Today the Federal Reserve reported that industrial production figures for May are down 0.1 percent after having gained 1.0 percent in April. While total industrial production in May was 4.7 percent higher than in the previous year, the capacity utilization rate for total industry declined 0.2 percentage point to 79.0 percent, a rate 1.3 percentage points below its long-run (1972—2011) average.
May’s 0.4 percent decrease for manufacturing production partially reversed the large increase that occurred in April. As a whole, both durable and nondurable goods production fell in May.
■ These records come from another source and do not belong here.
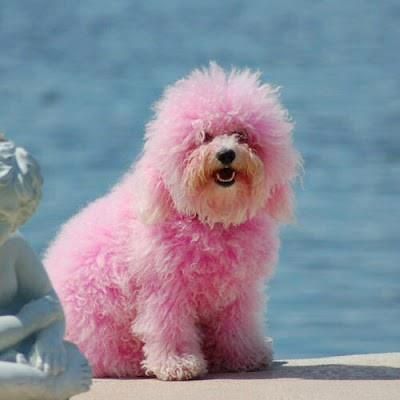 The dog has no clue it is pink. The dog thinks people just LIKE it.......beet juice color...back off, PETA. Dog Shaming Funny, Tout Rose, Color Boards, Pink Puppy, Dog Shaming, Funny Pets, Pink Animals, Eye Wear, Tickled Pink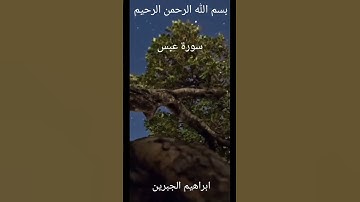 Best Sura Abasa Ibrahim Al jibreen سورة عبس ابراهيم الجبرين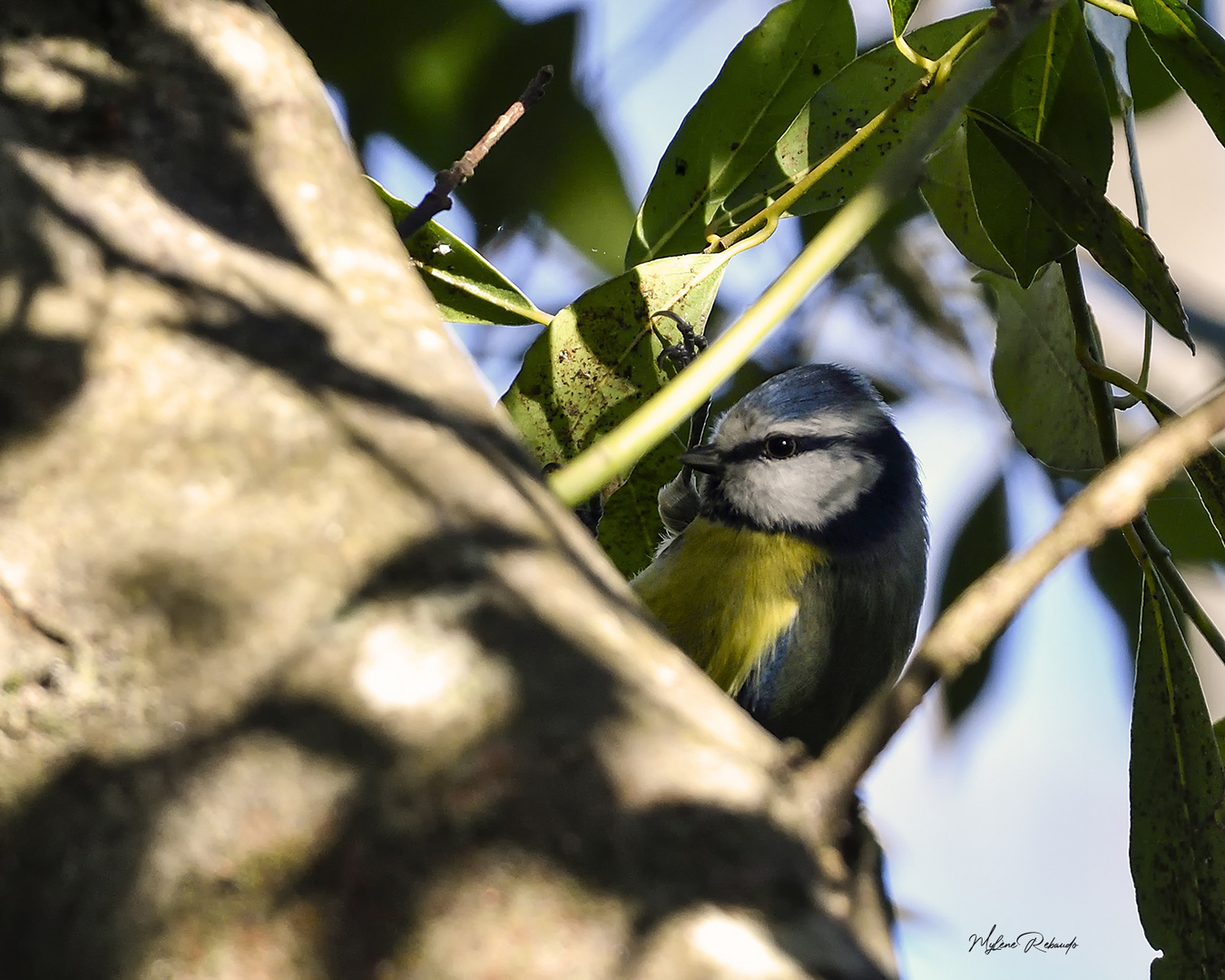 Petite mésange bleue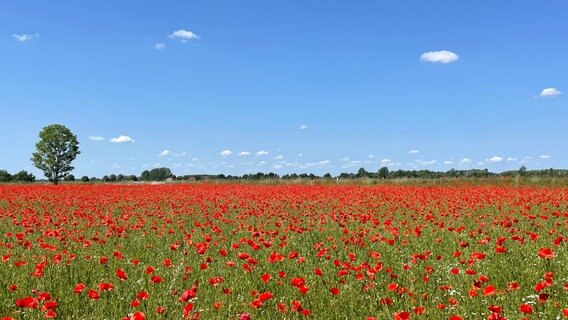 Ein Mohnfeld vor blauem Himmel. © NDR Foto: Silke Path aus Demmin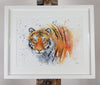 Tiger Watercolour - 'Terrence' 17" x 12" #3264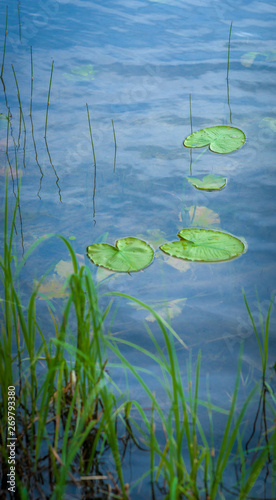 Water and Lily Pads © Stefan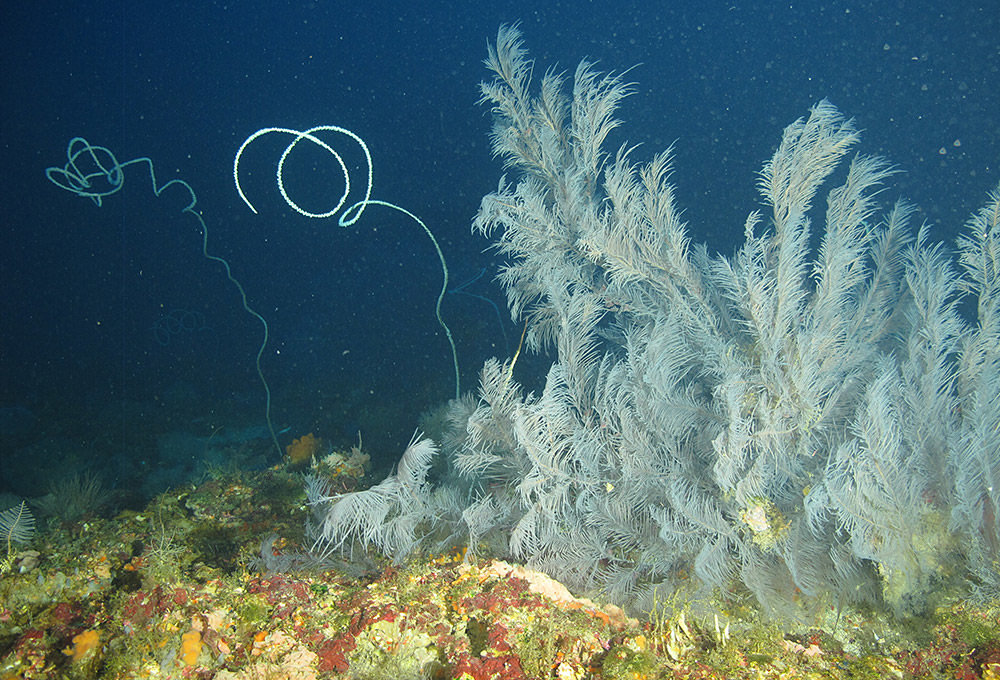 The unbranched wire corals in this photo are Stichopathes lutkeni and the sea fan is Plumapathes pennacea.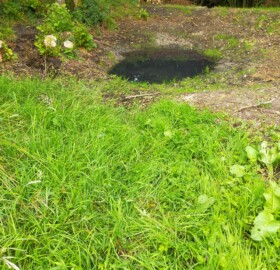 De-silted & re-profiled pond created at Lyons Gate Farm as part of natural flood management implementations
The production index for durable goods declined 0.5 percent after a gain of 1.4 percent in the previous month. The capacity utilization for durable goods manufacturing was 78.0 percent, a rate 5.0 percentage points higher than the previous year and 0.9 percentage point above its long-run average. The largest increase among major durable goods industries was for wood products (up 1.0 percent) and smaller gains were recorded by fabricated metals; electrical equipment, appliances, and components; and miscellaneous manufacturing. Industries with decreases of more than 1.0 percent included nonmetallic mineral products, primary metals, motor vehicles and parts, and furniture and related products. The production of non-durables decreased by 0.2 percent, making May the third consecutive month without a gain for non-durables despite increases of around 1.0 percent in apparel, leather, petroleum and coal products.
Overall, the index for Manufacturing in May was 5.2 percent above the previous year level, reflecting a longer-term positive trend.